We finally have a beautiful, sunny day where we are not being steamed like dumplings! I have been participating in plannning craft get-to-gethers, and will, of course, find ways to incorporate dolls and miniatures. I was eyeing my snapdragons and remembering a Kimport article promotoing dolls made from the dried seed pods of these flowers. I am still fighting the squirrels for my outdoor miniature terrariums, too. I recently renewed my library card, and find it helps with stress to visit our closest branch to look for my favorite mystery writers. This week, I found Barbara Collins and Joanne Fluke. I love reading the so-called "hobby" and antiques series which include Deb Baker, Laura Childs, Monica Ferris, Margaret Grace, Sharon Fiffer, Tamar Myers, and several others. I am also enamored of Mary Kay Andrews, and the "darker" stories of Elizabeth George, Patrica Cornwell, Tami Hoag, Minette Walters, Colin Dexter, and R.D. Wingfield. These, of course, are merely the tip of the ice berg. Below, another excerpt from the Metal Doll Book. I hope you enjoy it, and that you find a time to find me on Twitter and Facebook. Till next time:
Conclusion: What Next?
I love history! Dolls are history. They have had an impact on life throughout time, from emotional youngsters
getting one as a gift to impacting whole economies . . .
Jim and Joan Radke, JnJ Dolls
In an allusion to the legendary statue of Memnon and the theory that Ancient Egyptian statues had souls, Rilke has written that dolls were fed and made alive through children's imagination like the "Ka" of the Egyptians is fed on imaginary food.

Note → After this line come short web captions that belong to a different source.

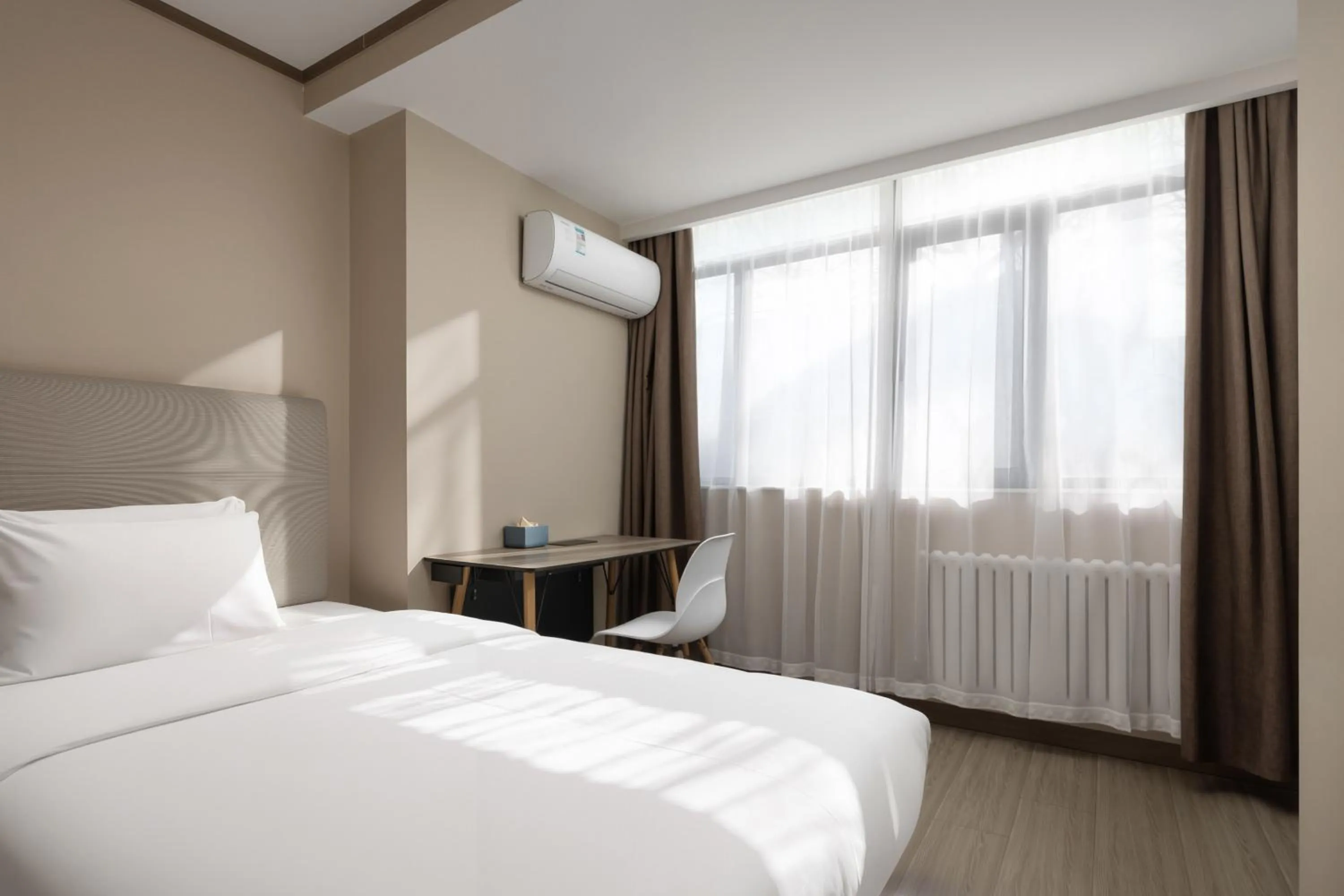 Bed in Hanting Hotel Beijing Deshengmen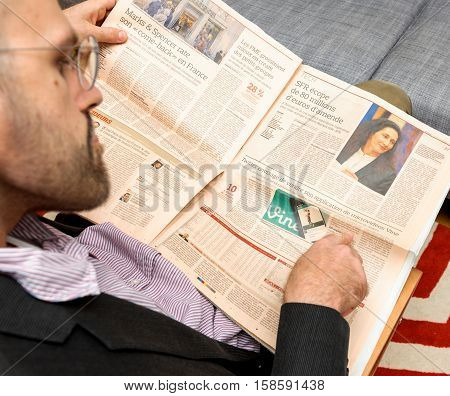 PARIS FRANCE - NOV 12 2016: Man reading Le Figaro French Economie newspaper - enjoying article about Twitter planning to sell Vine social network
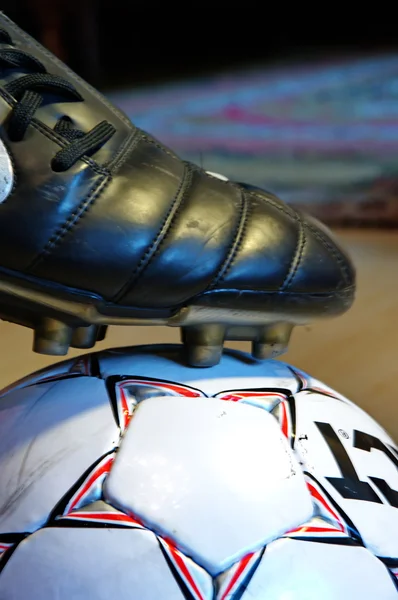 Ball and a football boot — Stock Photo, Image
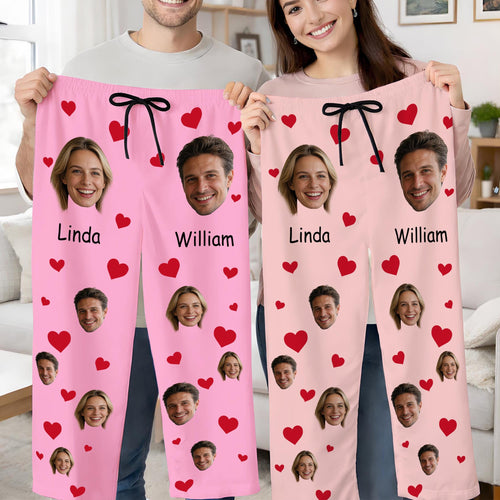 Couple holding pink custom face pajama pants with names Linda and William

Some doll makers, however, were not content with inanimate dolls that only lived through the power of a child's imagination. They strove to make dolls so lifelike that they could actually imitate human movement and sound. Formanek-Brunell and Kuznets would have us believe that there were serious gender differences among doll makers, and that male toy makers saw the dolls they made as extensions of both themselves and the machines that they created. Thus, even female dolls had male anatomy and characteristics, and like their creators, they were made of hard, efficient substances. These tiny human impostors were not meant so much for love, as durability.
In any case, the doll, as cultural artifact, is our "double," the other which both repels and attracts us. It perplexes us that something so "dead," can also be so alive, and that something the modern world has relegated to the toy box can have such a rich and complicated history.
Dolls will continue to be made as long as there are human beings to conceive of new designs for them. They will continue to reign predominantly in the children's realm, though individual adults and museums will still collect them as tangible artifacts of human history, miniature representations of humanity for their respective ages.
Metal dolls, while still not prized in most important collections, may have the richest history of all. From the golden idols of the Inca and Aztecs, to the toy soldiers of lead and silver and the Minerva and Juno heads of the last century, metal dolls could form a fascinating collection in themselves. It is hoped that this book will inspire others to take up the "iron" gauntlet and add to the dialog that I hope this research has created. Until then, to all who are interested in doll history and doll collecting, Happy "Dolling," with love from Tin Lizzie.